[Stored data entries]

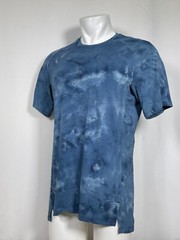 Lululemon Always Agile Diamond Dye True Navy Chambray T-Shirt Men’s XL
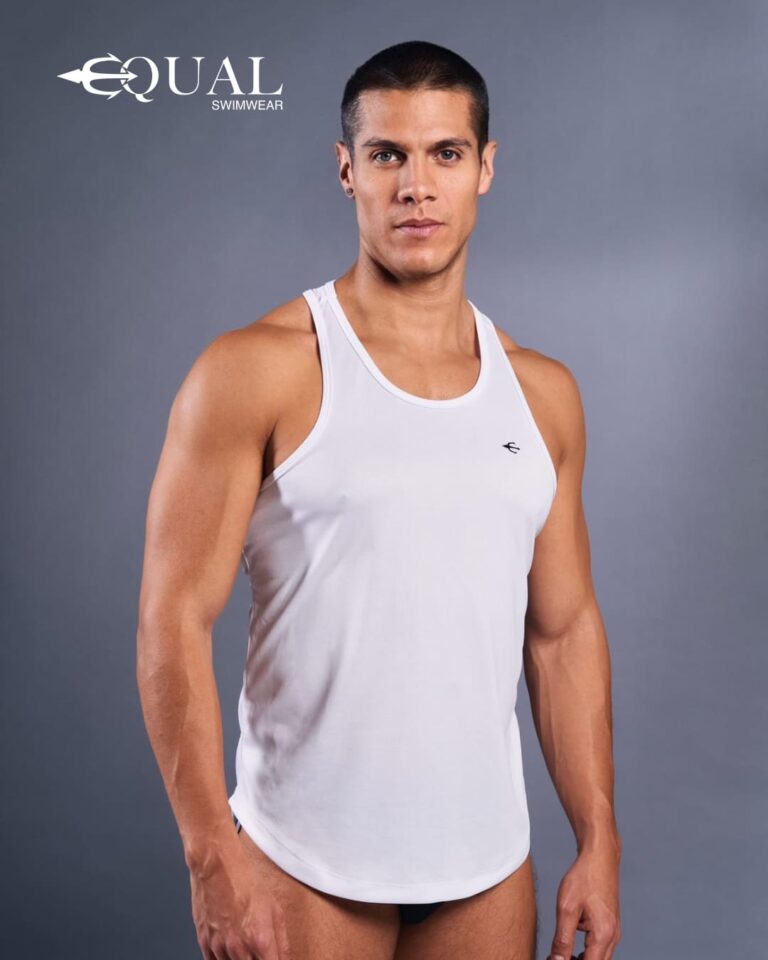 tank top blanca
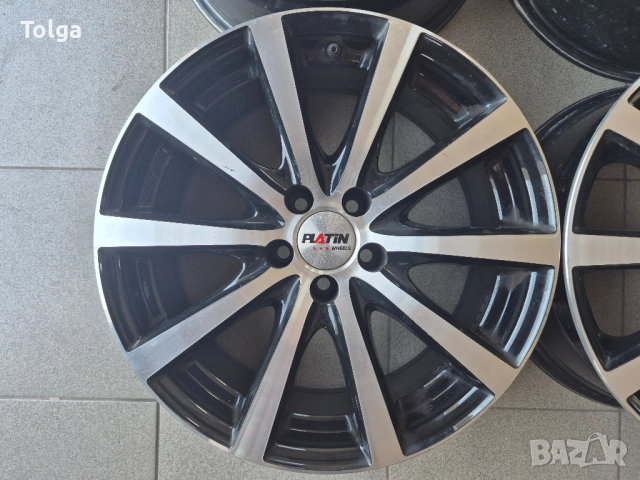 Алуминиеви джанти Platin 17 5x100, снимка 2 - Гуми и джанти - 51583325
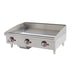 Thumbnail image #1 for Star-Max 36-Inch Heavy Duty Countertop Gas Griddle with Embedded Electric Snap-Action Thermostat and Pilot Safety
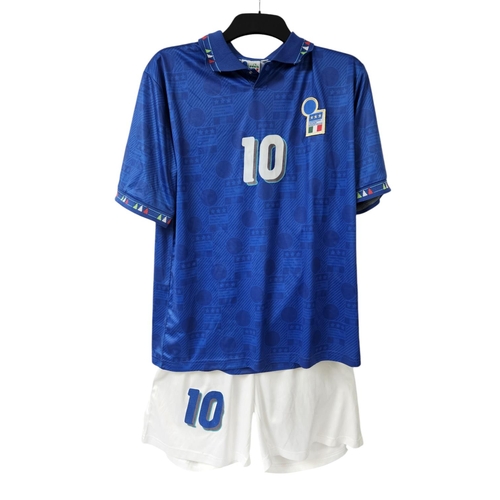 156 - ROBERTO BAGGIO 1994 FIFA WORLD CUP MATCH WORN ITALY UNIFORM
The 1994 FIFA World Cup final was a socc... 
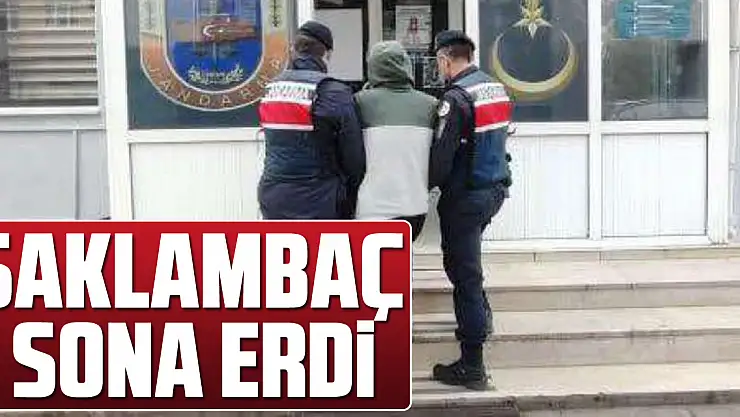 Saklambaç Sona Erdi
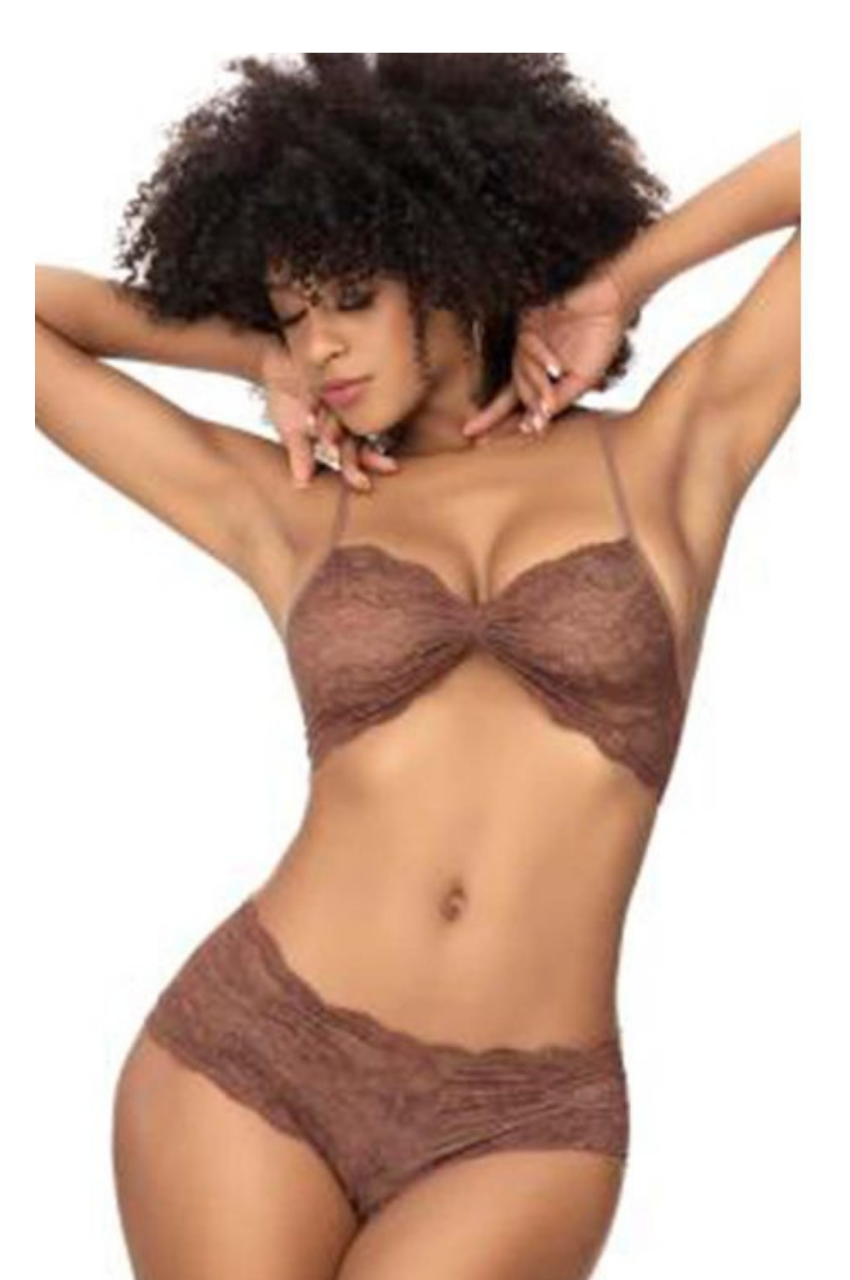 Panty and Top Lace Set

**What you will do**
If the data includes images, skip them and copy every line exactly.

**Your response**
 Lululemon Always Agile Diamond Dye True Navy Chambray T-Shirt Men’s XL
 tank top blanca
 Алуминиеви джанти Platin 17 5x100, снимка 2 - Гуми и джанти - 51583325
 Thumbnail image #1 for Star-Max 36-Inch Heavy Duty Countertop Gas Griddle with Embedded Electric Snap-Action Thermostat and Pilot Safety
 156 - ROBERTO BAGGIO 1994 FIFA WORLD CUP MATCH WORN ITALY UNIFORM
The 1994 FIFA World Cup final was a socc... 
 Saklambaç Sona Erdi
 Panty and Top Lace Set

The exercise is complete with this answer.